A matter doesn’t suddenly go off plan in a way that’s obvious to everyone involved. There isn’t a clear point where things stop making sense or where someone can say, “this is where it changed.”

Instead, the movement is gradual. Decisions are made as the work unfolds. An assumption proves incomplete. A different approach is used. A timeline extends. Each step makes sense on its own.

But over time, those decisions start to change how the work is delivered. And the outcome changes with it.

This is where it gets complicated. By the time the impact becomes obvious, there’s very little left to influence. The difficulty is knowing what that change actually means while the work is still in progress.

Key takeaways:

  • Most matters don’t move off plan all at once. The change builds gradually.
  • The challenge is understanding what it means while the work is still in progress.
  • Some changes are expected. Others need a response, and quickly.
  • The teams that manage this well identify the difference early and act while there is still time to influence the outcome.
  • Cost is shaped during delivery, instead of at invoice review.

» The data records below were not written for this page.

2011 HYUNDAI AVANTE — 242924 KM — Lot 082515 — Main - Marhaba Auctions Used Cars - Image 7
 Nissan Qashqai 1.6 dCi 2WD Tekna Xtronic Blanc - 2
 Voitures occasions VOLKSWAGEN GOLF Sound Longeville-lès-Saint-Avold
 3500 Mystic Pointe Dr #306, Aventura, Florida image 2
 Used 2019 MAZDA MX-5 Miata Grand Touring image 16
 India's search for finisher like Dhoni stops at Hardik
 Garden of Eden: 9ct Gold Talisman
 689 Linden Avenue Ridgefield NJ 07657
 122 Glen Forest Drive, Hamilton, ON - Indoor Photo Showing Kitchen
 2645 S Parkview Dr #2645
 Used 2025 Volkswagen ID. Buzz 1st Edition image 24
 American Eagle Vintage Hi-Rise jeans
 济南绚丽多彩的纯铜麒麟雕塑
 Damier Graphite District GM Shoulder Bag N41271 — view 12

What matters is not that work changes. It’s how you interpret it

Most teams can see when a matter starts to move.

The harder part is deciding what that movement represents while the work is still in progress.

  • Is it still within the bounds of what was expected at the outset?
  • Is it a reasonable response to something new?
  • Or is it starting to move in a way that no longer reflects what was agreed?

This can be hard to do. There is usually a rationale behind what is happening and a reason to continue along the same path. But without stepping back and assessing what those decisions add up to, very different situations start to look similar.

As a result, normal progress can be over-managed. More significant changes pass without challenge. And the financial impact only becomes obvious once it is already embedded in the outcome.

What tends to make the difference is how that movement is read at the time. And the teams that manage this well tend to approach it more structurally.

↪Further reading: Why legal spend predictability breaks down (and what to do instead)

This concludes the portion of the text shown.